Tekad membuat mie yang sehat dan berkualitas baik itu tidak lantas surut. Setiap hari Minggu, selama tiga bulan, dia mencoba dengan memadukan resep-resep di buku maupun majalah. “Hasilnya lalu saya bagi-bagikan kepada para tetangga sambil meminta masukan mereka,” ujarnya. Dan setelah itu dia mulai mencoba membikin mie untuk dijual. Nama yang digunakan yaitu Sari Perto, kependekan dari kata Bogasari dan Emperan Toko. “Karena pada awal mendirikan usaha ini benar-benar dari emper toko,” kisahnya.

Akhirnya dari sekedar bisnis coba-coba, Syamsu berhasil memiliki outlet mie. Selain masyarakat sekitar dia sengaja membidik konsumen para karyawan perusahaan. Maka pertimbangan usahanya adalah lokasi, harga terjangkau dan jenis menu dibuat menarik. Misalnya, nama Pak Tu, Pak Da, Pak Tri, Pak Kom, Pak Sus untuk paket satu, dua, tiga, paket kombinasi dan khusus. Bakso dan pangsit isi daging yang digunakan adalah yang disertai label halal. “Paket khusus dibuat dengan kombinasi mie ayam biasa dengan menu makanan khas Jepang,” tukasnya. “Tiap paket sudah disertai air mineral atau minuman teh botol gratis,” imbuhnya berpromosi.

Pria yang mengaku telah delapan kali berpindah di perusahaan Jepang ini memiliki kebiasaan bekerja satu jam lebih awal dari waktu kerja. Karena ‘hobi’ itu dia tidak sulit membagi waktu kerja dengan mengerjakan membikin mie setiap hari. “Biasanya saya lakukan pagi-pagi atau selepas pulang dari kantor,” jelasnya. Dikatakannya sejak bulan Maret 2005 membuka gerai di Karawang, kini dia telah memiliki dua buah cabang didalam kota, dan satu buah lagi di kota Malang.

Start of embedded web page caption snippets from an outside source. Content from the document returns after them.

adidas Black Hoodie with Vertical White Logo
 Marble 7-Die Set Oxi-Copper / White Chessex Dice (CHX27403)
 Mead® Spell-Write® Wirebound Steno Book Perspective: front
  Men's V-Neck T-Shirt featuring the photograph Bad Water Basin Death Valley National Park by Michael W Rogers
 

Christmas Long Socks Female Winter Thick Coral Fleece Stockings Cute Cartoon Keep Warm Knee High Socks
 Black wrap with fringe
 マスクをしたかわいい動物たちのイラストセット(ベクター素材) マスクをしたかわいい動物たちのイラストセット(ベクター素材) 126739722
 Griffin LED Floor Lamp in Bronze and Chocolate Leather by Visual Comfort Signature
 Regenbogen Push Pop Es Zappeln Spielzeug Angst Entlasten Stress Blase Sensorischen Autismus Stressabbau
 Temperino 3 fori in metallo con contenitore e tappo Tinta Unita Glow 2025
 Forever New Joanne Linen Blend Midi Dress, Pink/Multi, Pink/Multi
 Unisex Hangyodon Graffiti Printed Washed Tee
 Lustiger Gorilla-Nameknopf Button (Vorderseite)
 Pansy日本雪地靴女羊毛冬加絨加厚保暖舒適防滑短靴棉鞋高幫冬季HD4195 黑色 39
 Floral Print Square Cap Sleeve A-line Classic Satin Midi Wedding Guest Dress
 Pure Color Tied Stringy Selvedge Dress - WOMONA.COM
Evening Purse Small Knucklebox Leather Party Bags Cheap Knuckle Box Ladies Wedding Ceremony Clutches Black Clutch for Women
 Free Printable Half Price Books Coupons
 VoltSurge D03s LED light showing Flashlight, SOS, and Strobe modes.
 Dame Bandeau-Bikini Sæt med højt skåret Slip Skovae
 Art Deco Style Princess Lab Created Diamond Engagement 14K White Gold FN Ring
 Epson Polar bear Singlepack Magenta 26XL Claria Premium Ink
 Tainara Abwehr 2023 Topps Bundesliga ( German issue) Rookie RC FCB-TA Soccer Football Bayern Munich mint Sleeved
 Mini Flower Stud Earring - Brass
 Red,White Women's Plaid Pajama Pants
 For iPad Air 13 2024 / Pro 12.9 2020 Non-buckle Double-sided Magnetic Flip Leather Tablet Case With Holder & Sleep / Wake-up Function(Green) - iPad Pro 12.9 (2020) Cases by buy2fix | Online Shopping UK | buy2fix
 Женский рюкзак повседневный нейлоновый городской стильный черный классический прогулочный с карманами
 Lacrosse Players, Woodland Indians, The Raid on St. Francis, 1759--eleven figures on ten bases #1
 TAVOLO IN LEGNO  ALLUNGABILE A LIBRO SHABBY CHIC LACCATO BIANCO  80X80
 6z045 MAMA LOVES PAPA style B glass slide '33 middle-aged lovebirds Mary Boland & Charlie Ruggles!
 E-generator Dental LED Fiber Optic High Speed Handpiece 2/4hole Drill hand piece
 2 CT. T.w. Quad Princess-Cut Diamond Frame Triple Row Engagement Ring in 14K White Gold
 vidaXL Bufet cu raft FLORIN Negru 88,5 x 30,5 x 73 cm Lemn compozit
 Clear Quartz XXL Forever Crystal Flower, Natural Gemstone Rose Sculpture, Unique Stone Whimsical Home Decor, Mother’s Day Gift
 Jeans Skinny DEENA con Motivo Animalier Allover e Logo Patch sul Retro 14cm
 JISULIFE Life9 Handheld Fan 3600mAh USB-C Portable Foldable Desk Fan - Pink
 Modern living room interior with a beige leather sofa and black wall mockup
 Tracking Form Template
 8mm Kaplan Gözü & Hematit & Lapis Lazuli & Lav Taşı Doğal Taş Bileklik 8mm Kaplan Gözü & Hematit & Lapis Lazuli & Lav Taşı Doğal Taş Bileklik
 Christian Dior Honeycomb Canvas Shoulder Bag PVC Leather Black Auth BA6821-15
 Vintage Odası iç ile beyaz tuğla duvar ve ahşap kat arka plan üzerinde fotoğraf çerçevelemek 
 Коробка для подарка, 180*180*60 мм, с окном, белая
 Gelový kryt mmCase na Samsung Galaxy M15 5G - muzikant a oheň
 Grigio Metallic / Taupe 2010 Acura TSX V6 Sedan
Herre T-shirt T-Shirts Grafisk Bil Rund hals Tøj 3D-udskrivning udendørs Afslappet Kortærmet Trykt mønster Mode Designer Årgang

Omsetnya? “Cukup untuk menambah penunjang kebutuhan,” kilahnya. Biasanya bisnis makanan profit margin paling tidak mencapai 50% atau lebih. Bila dalam satu hari melayani sekitar 100 porsi dengan harga Rp 4 ribu sampai dengan Rp 6 ribu, berarti omset mencapai Rp 400 ribu – Rp 600 ribu. Taruh kata keuntungan antara Rp 200 ribu – Rp 600 ribu sehari, satu angka cukup lumayan.

Untuk mengembangkan jaringan usaha dia memilih sistem jaringan kemitraan. Maka dia acap melakukan demo pembuatan mie di berbagai daerah. “Bulan lalu saya mengadakan demo di Batam dan kini sedang mempersiapkan membuka cabang di sana,” ucapnya. Dia serius mengembangkan usahanya termasuk mengembangkan jaringan hingga ke Pulau Sumatera. Sengaja dia memakai media above the line guna mengajukan penawaran kerja sama. Kelahiran Padang ini bahkan punya konsep pengembangan tersendiri di Ranah Minang tersebut. “Cara penyajiannya dibuat sedikit berbeda walaupun prosesnya sama,” ujarnya. “Namanya pun diganti sesuai dengan lidah masyarakat yaitu Kito Bana, kita ingin tunjukkan bahwa orang Padang juga bisa bikin mie” tambahnya.

Menurutnya untuk pengadaan peralatan dan bahan bagi satu buah outlet mie diperlukan modal investasi cukup sebesar Rp 4,5 juta. Tentu saja ini diluar biaya sewa tempat. Maka bagi yang berminat bergabung menjadi mitra usaha dibebani biaya Rp 3 juta sudah berarti kontrak seumur hidup. “Setelah itu akan di berikan fasilitas mulai dari kartu nama, spanduk, peralatan, hingga pelatihan selama dua hari, ditambah pemberian support teh botol gratis,” terangnya. “Persyaratan tidak macam-macam yang penting kejujuran,” imbuhnya. Sebuah peluang usaha dengan modal investasi kecil, siapa berminat?